Francuskie związki zawodowe pracowników transportu zaplanowały trzeci czarny wtorek w ciągu niespełna miesiąca, protestując przeciwko rządowym planom reformy systemu emerytalnego. Tym razem do strajku chcą się dołączyć m.in. nauczyciele, pocztowcy, pracownicy banków, telekomunikacji, szpitali, funkcjonariusze policji, dokerzy.
Dzisiaj Francuzi wracali z długiego weekendu w zatłoczonych pociągach, wiedząc, że nie ma co odkładać powrotów na wtorek, bo tego dnia znów mają strajkować kolejarze. Jutro oczekiwany jest paraliż komunikacji miejskiej w Paryżu, Marsylii, Tuluzie, Bordeaux, Nicei, Lyonie i w wielu innych miastach.
Premier Jean-Pierre Raffarin zamierza wygłosić przemówienie, otwierające 10-dniową debatę parlamentarną na temat kontrowersyjnej reformy emerytalnej. Opozycja zgłosiła już ok. 9 tysięcy poprawek do projektu ustawy.

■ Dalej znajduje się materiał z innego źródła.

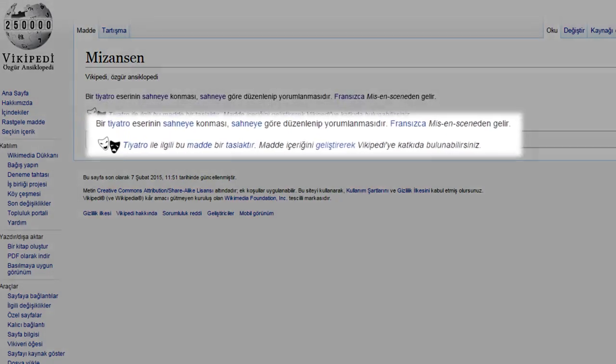İncelememize başlamadan önce mizansen kelimesini ele almamız gerekiyor. Mizansen, Fransızca'daki 'mise en scène' kelimesinden gelmekte ve tiyatrodaki sahne kurulumuna genel olarak verilen isme denk geliyor. Ancak sinemada mizansen kelimesinin tam içeriğine dair henüz bir fikir birliğine varılmış değil. Bu video kapsamında mizansen kelimesine kamera hareketleri, plan türleri, açı türleri ve set tasarımı gibi konuları ele alarak inceleyeceğiz.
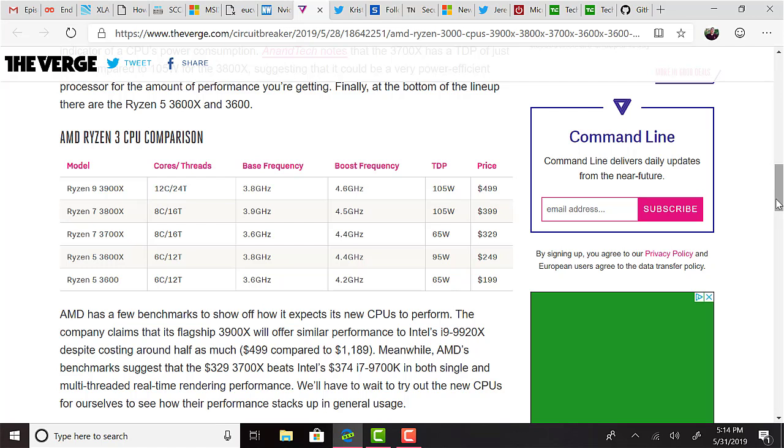For those not watching the video, the top of the range 3900X features 12 cores, a base frequency of 3.8 GHz with boost to 4.6. The cheapest and lowest end of the range is the 3600, which features 6 cores, a base frequency of 3.6 GHz and a boost to 4.2.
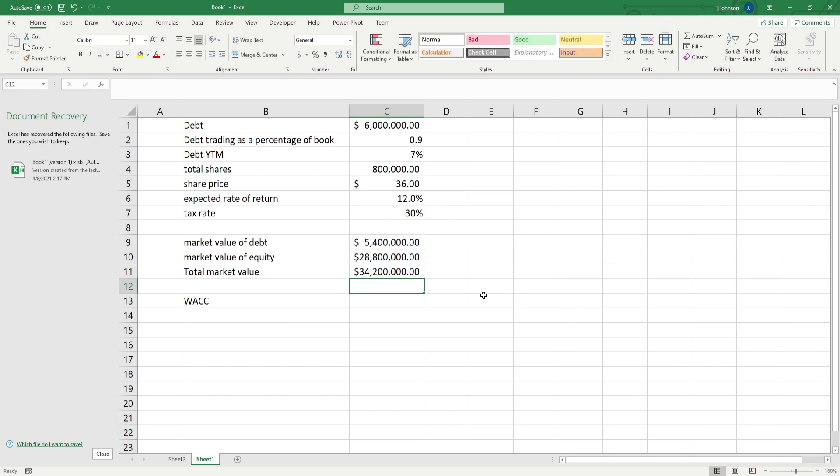So, we have a total market value of both the debt and the equity of 34.2 million. Let's make this, so that's pretty simple. Now let's calculate the WACC, the hard part, which really isn't that hard.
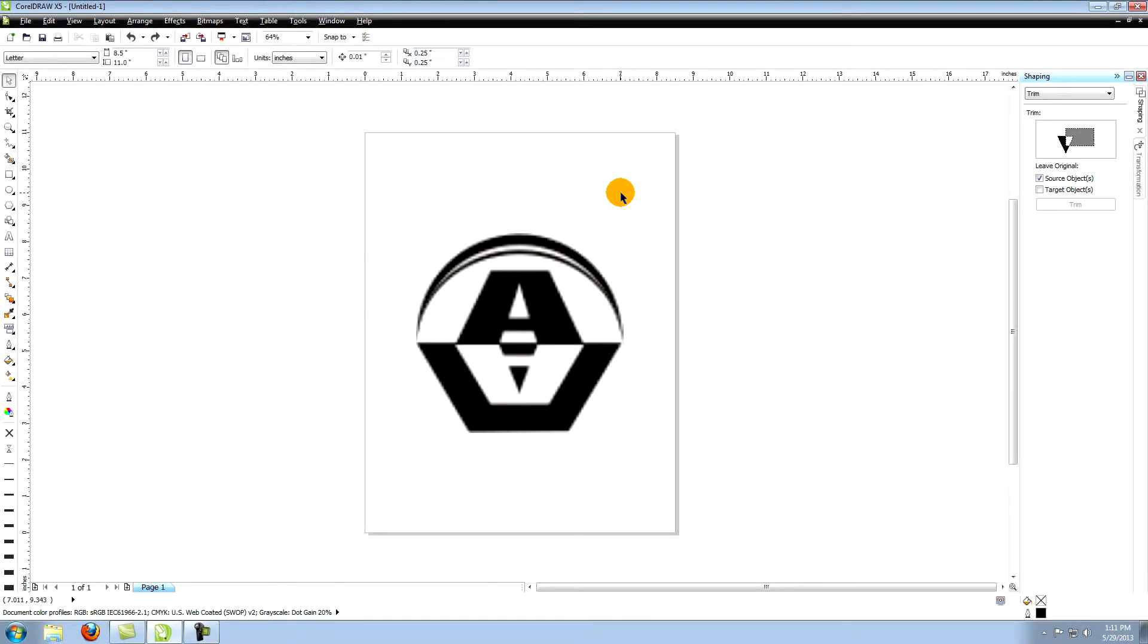This tutorial is called creating a simple logo using the Corel Bezier tool. First, we need an image to work with. This can be anything, but for our purposes we're going to use an actual logo.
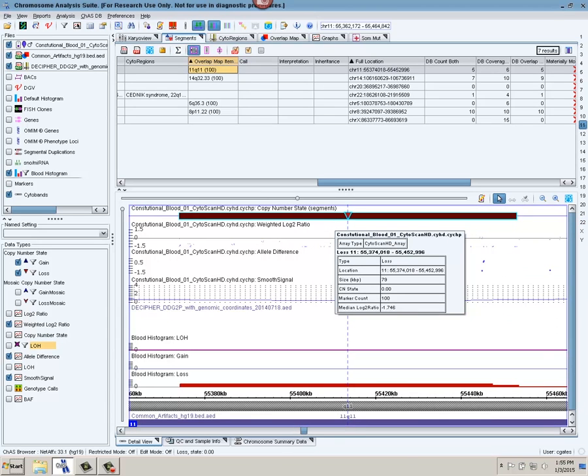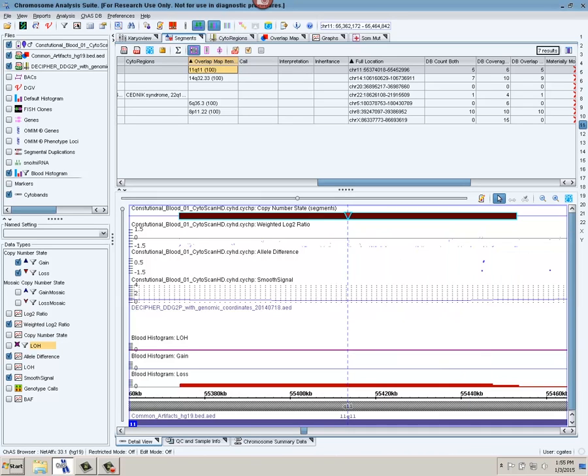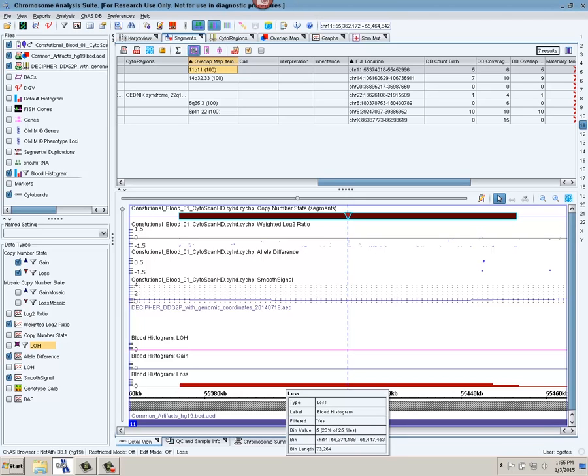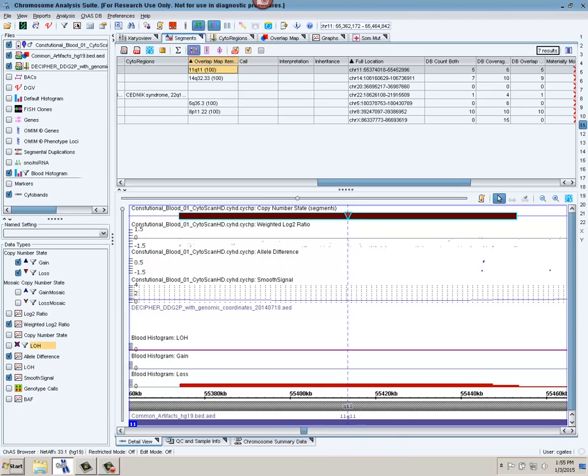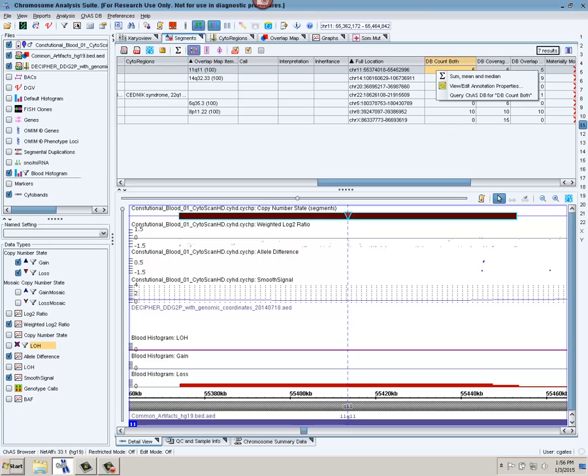So let's go ahead and we'll click on the first row. That jumps me to this particular segment here. I can see I have a loss. Below I'm showing histograms for all the blood samples in my database and which segments have been shown to have gains or losses. So in this case I have seen something in this region before. It does overlap with my overlap map.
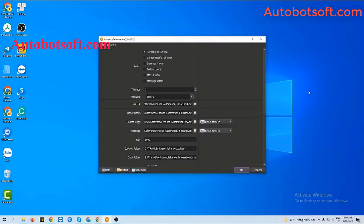After finishing your basic system setup, you will select Mass Follow in the Action section to run the increase followers function.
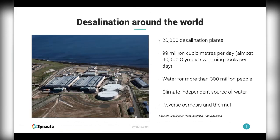Around the world today there are in the order of about 20,000 desalination plants — a mixture of thermal plants, where we essentially boil the water, and membrane plants, where we push water across a semi-permeable membrane. The membrane process is far more energy efficient and is the prevalent process right now. Many existing thermal plants are being replaced by reverse osmosis plants, even in the Middle East. There are in the order of 99 million cubic meters per day produced — around 40,000 Olympic swimming pools per day.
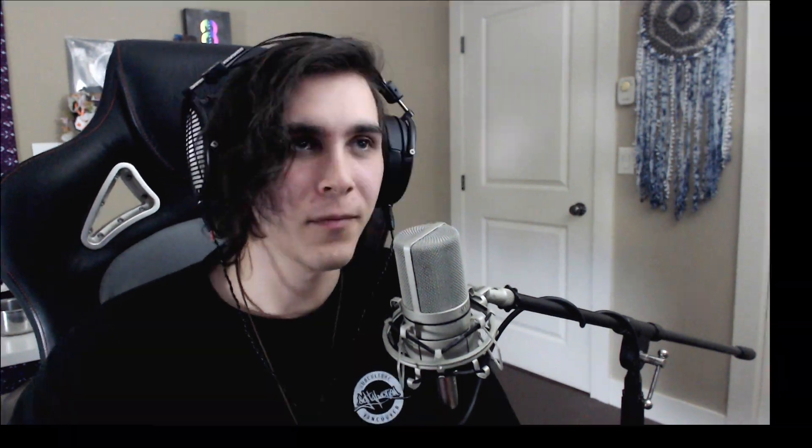Before we get into the video, I do want to mention that this video is sponsored by Odyssey Headphones — the headphones I'm wearing here. They're absolutely incredible, I love them, they are an integral part of my workflow. But enough said, let's get into the video.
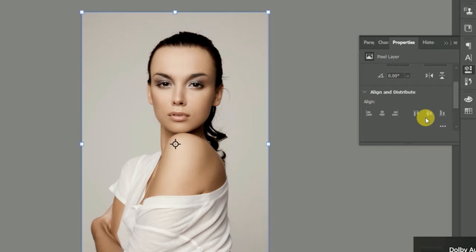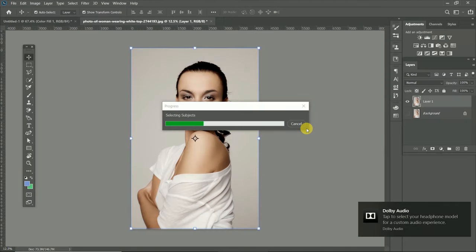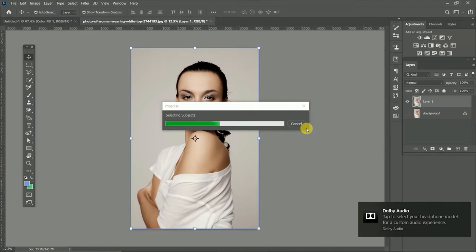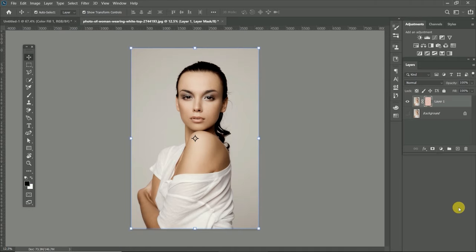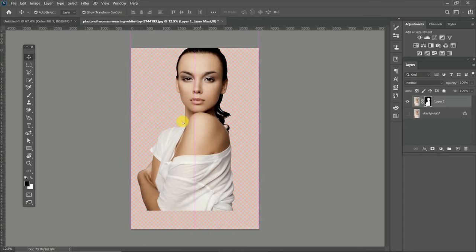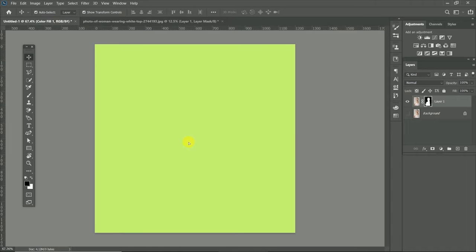Then go down to Quick Action, and there I have a Quick Action. Click Remove Background. Now look at this — Photoshop CC 2020 removes the background with just one click. Then read it, drag it, and drop it.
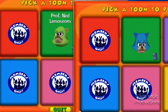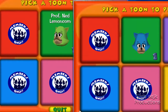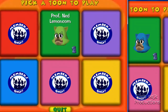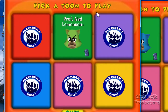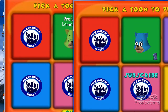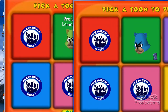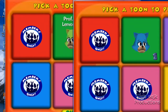Hey YouTube, you guys are probably wondering how I have these two windows of Toontown running at the same time. So I'm going to teach you how to do this in just a second. Okay, let's get started.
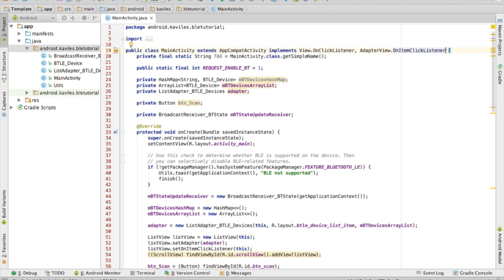Hello, welcome back. This is part 2 of our Bluetooth Low Energy Scanner Android app. In this video, we will get into the code and actually start writing some stuff and make this thing work somehow.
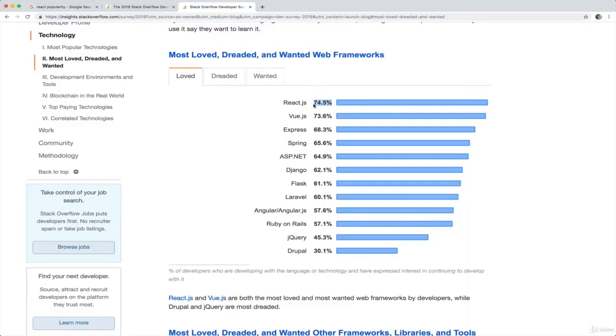In the 2019 version of Stack Overflow's developer survey, React was ranked as both the most loved and the most wanted technology, beating out tools like Angular and Vue.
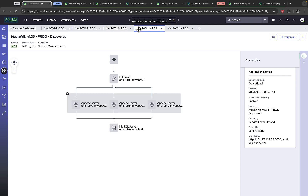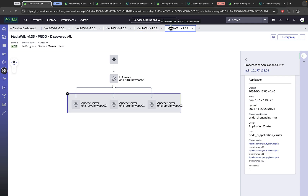In part four, we'll look at top-down discovery with pattern connections. The patterns were updated to align to the MediaWiki architecture, and we'll briefly explore those customizations. Part five, we will still use top-down discovery, but then leverage machine learning and traffic-based connection rules to produce the last layer of the service map.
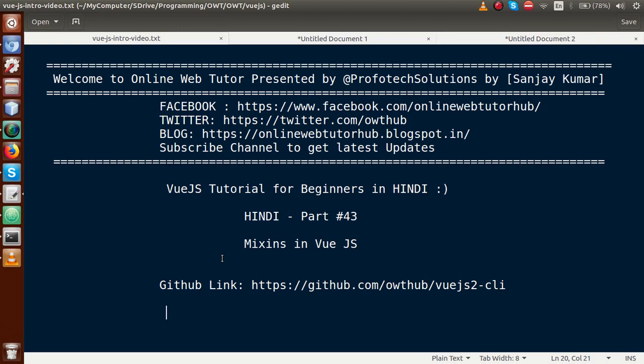So I think guys I have given a clear concept about mixins in Vue.js application. If you have any doubt in this video session, please drop your comment and I will reply as soon as possible. Thank you for watching. Have a great day.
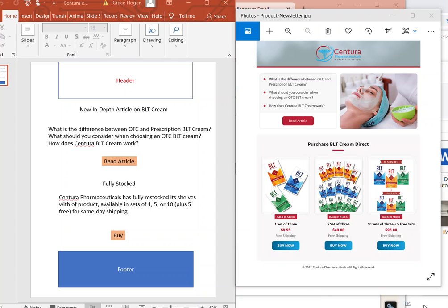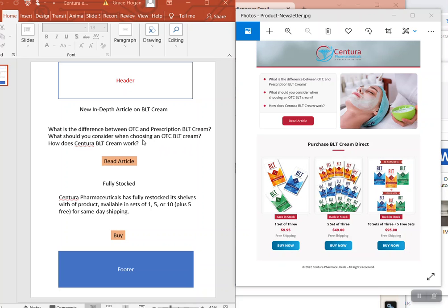Hello. On this design, it didn't quite follow enough, I guess. So we want to put this title 'New In-Depth Article on BLT Cream' at the top here on the header.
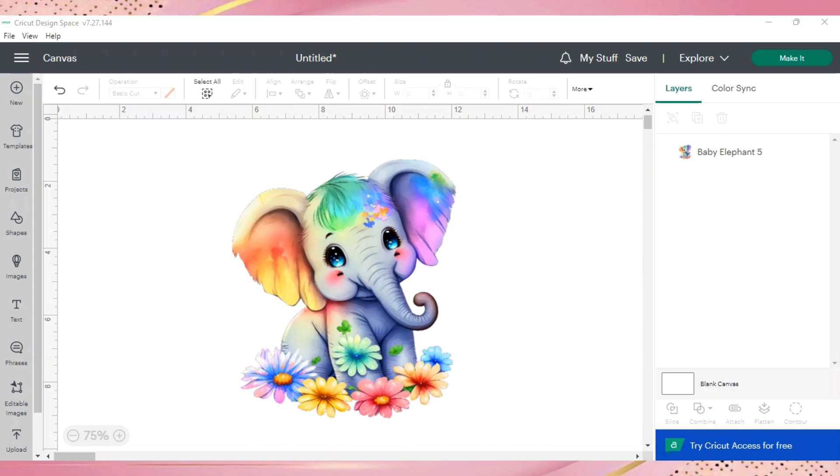Hey everybody, welcome back to the Sublimation Life. In this tutorial, we're going to check out Cricut's new update to the print then cut sizes.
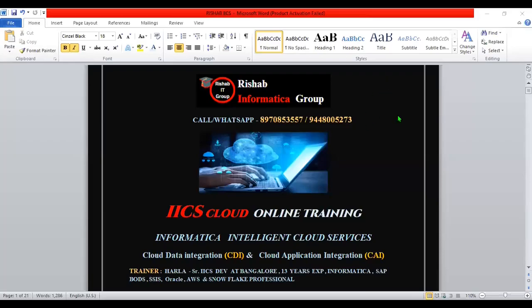Hi everyone. Welcome to Rishabh Informatica Group. I am Hari. I have 13 years of experience in IT. I have come across different ETL tools and databases in my career. Currently I am working as an IACS developer at Bangalore. In my career, I worked as a developer and also as a technical trainer in different companies.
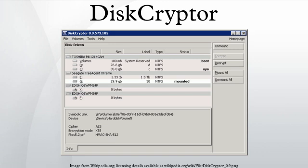Program features: support for encryption algorithms AES, Twofish, Serpent, including their combinations.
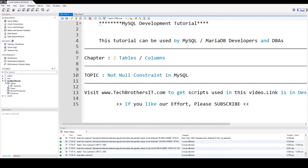Welcome to TrekPresors with Amir. In this video we are going to learn not null constraint in MySQL or MariaDB.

Ministrowie spraw wewnętrznych i edukacji - Luc Ferry i Nicolas Sarkozy - zapowiedzieli kolejną rundę rozmów z nauczycielami, którzy grożą niecodzienną akcją protestacyjną - wystawieniem najwyższych ocen wszystkim, którzy 12 czerwca będą zdawać egzaminy maturalne. Rząd zapowiada, że nie dopuści do zakłócenia tych egzaminów.
W Marsylii tymczasem trwa strajk śmieciarzy. Telewizja pokazuje mieszkańców, podpalających wielkie sterty śmieci na ulicach.